In the words of “The Great Hambino,” the offseason for the Bassmaster Elite Series seems to last “FOR-EH-VER." In a world where life seems to fly
In the words of “The Great Hambino,” the offseason for the Bassmaster Elite Series seems to last “FOR-EH-VER.” In a world where life seems to fly by, having the first tournament of the season on the horizon makes life slow down and that just may be the best thing for a fella. That said, it’s finally right around the corner, and this year, we’re kicking it off in style again on the St. Johns River.
It seems like this fishery has become a staple at the beginning of each season and there are a few reasons for that. The Elites are the top anglers in the world, and this is a tournament venue that seems to keep them all on their toes. Sometimes it is dominated by sight fisherman, and make no bones about it, there will be some giants caught that way. Sometimes it’s won on moving baits like when Rick Clunn won using his 137-year old spinnerbaits. Sometimes it’s won in grass. Sometimes it’s won on flats. Sometime canals and docks are the key. My point is, no matter how many times we go there, only two things are constant — big fish will be caught and there is no telling how it will be won until Championship Sunday.

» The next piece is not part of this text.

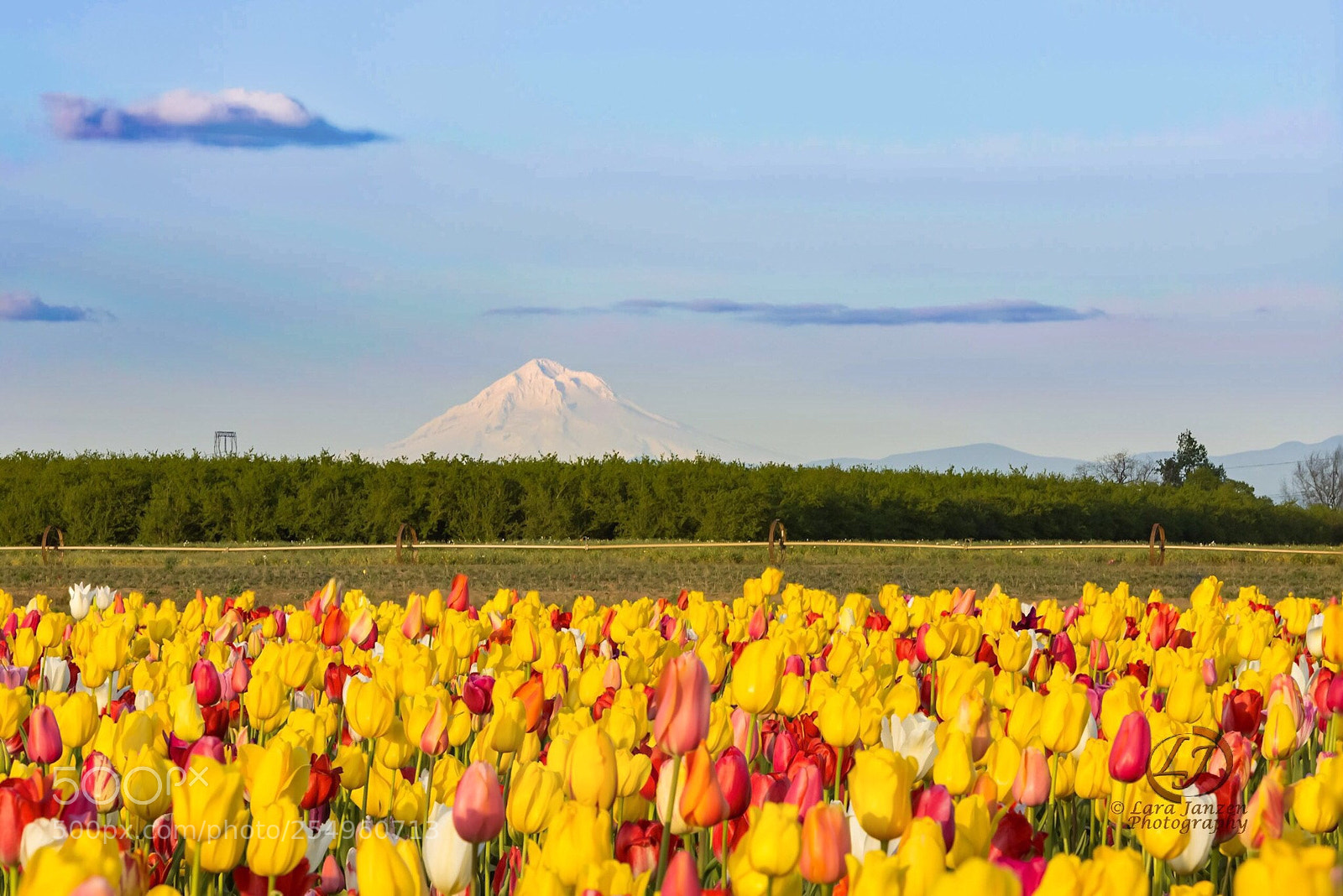 Nikon D7200 sample photo. Mt. hood preceded by photography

With all of that in mind, Rapala Bassmaster Fantasy Fishing players can still make educated decisions to put together a strong team. There are several pros who seem to be able to consistently get in lockstep with the fish more than others, and that is certainly worth studying. However, history can be deceiving. On the flipside of the coin, it is difficult to rely strictly on technique driven anglers as well. My roster will be a mix of history and technique-specific guys. I’m hoping to start the season off right.
The 2022 Bassmaster Elite Series Fantasy Fishing season starts … now.
BUCKET A: HACKNEY
There is no better place where history and wheelhouse collide than with Greg Hackney. He’s made more money flipping some old beaverbait than you and I can make in a lifetime. Frogs, crankbaits, spinnerbaits and the like will also play a role. And don’t forget about his laser-vision when it comes to spotting fiery mommas protecting their progeny. Now let’s see the St. Johns-specific resume. He missed 2019 and 2020, but in five events, his average finish is a little worse than eighth place. He has a pair of seconds, an eighth, 13th and 16th. It wouldn’t surprise me to see him close it out this time around.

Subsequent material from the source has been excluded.